La vida pasaba y era domingo
Un relato corto
Mientras escuchaba el sonido del motocross que montaba el chico por el canal que se podía ver desde la terraza de la casa, sintiendo en su cara el viento veraniego que transportaba dicho ruido y el fresco olor de los pastos de los alrededores, María se volvía una con sus pensamiento y sólo los colibríes que venían a tomar el néctar que les preparaba casi a diario, la hacían volver al pesente y sentir cierta gratitud por vivir en un sitio donde la naturaleza desplegaba su impresionante encanto.
Al márgen de eso, volvía a encontrarse sumida en la queja y desesperación de sentirse tan apartada del resto del mundo, de su mundo lleno de ruido y caos, pero al final, un mundo en su idioma, donde era alguien y era apreciada de muchas maneras.
—Solo le pido a Dios que aquí no me deje morir —se repetía en su cabeza la mayoría de los días que, como en ese domingo sentada en la terraza, sentía poderosamente la lejanía de su mundo.
Comenzó a ponerse nerviosa al ver que el chico que hacía el motocross al borde del canal le ponía más ímpetu, pensando lo peor, recordando la historia de cómo el dueño de la casa donde vivía, una tarde sentado en esa misma terraza vió caer al canal a un hombre que hacía lo mismo y fue corriendo a salvarlo.
—Ya está bueno por esta mañana, no creo que pueda hacer la misma hazaña que hizo el señor Johnson si ese chico se descarrila. Mejor me voy a repasar la dieta mediterránea que me puso esa doctora a la que fui el año pasado.

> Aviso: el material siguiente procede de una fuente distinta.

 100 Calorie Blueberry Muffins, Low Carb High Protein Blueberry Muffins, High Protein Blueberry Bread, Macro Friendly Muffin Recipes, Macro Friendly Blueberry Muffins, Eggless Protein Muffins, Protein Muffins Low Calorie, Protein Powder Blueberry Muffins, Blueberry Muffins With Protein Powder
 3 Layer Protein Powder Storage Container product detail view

La gringa que no sabía que los plátanos verdes se pueden comer hervidos y que son un bálsamo para el estómago. ¡Dios mío!

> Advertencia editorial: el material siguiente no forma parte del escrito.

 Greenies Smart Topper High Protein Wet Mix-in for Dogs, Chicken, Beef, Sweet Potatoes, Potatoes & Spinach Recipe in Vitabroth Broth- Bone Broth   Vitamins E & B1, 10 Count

Dispuesta a mantener su estilo de vida saludable y bajar el peso del que todavía no se había podido deshacer desde principio de año, María localizó el folleto que explicaba muy bien en qué consistía esta dieta, la lista de alimentos que la conformaban, la cantidad de proteínas que contenían, ideas de desayuno, comida, cena y meriendas, y algunas recetas que le parecían muy ¨gringo oriented¨, como decía cuando algo no era de su mundo.
Organizó todo en su cabeza, era muy buena visualizando, empezó por un buen desayuno, como leyó, tres cucharadas de yogurt natural, cuyo sabor le recordaba al que hacía su mamá, al que agregó una cucharada de mermelada, sin azúcar añadida, de ¨blueberry¨y una tostada de pan integral. Luego reorganizó sus vitaminas y suplementos, fijándose bien en los que eran importantes para la caída del pelo, las vitaminas del grupo B y el Zinc.
—Mañana retomo mis caminatas, necesitaba descansar hoy, eso también ayuda a mi cuerpo a desinflamarse, hay que descansar —dijo en voz alta y siguió— también haré tres rutinas de peso, el lunes trabajaré piernas y espalda, el miércoles será brazos y core y el jueves cuerpo completo. ¡Siento que tengo la semana ganada!
El resto del domingo, fue bastante llevadero, sentía que estaba más que lista para empezar la semana. Haberla planeado le recordaba lo de los pequeños triunfos. Esas pequeñas cosas que se van logrando y detonan cambios generalizados, buenos, en tu vida.
El lunes en la tarde, se enteró de que el chico del motocross sucumbió a sus piruetas extremas y cayó al canal, con la suerte de que dos de los paramédicos que trabajan para la estación de bomberos que también podía verse desde la terraza, hacían su caminata de día libre y estuvieron ahí para socorrerlo.
Su mente volvió a recorrer esa mañana veraniega de domingo cuando, mientras la vida pasaba, la fuerte brisa le pegaba en su cara y le revolvía el pelo. También recordó al chico del motocross, que según escuchó seguía vivo y a los colibríes que venían de visita a tomar el néctar, y sintió que un sentimiento de gratitud invadía su alma.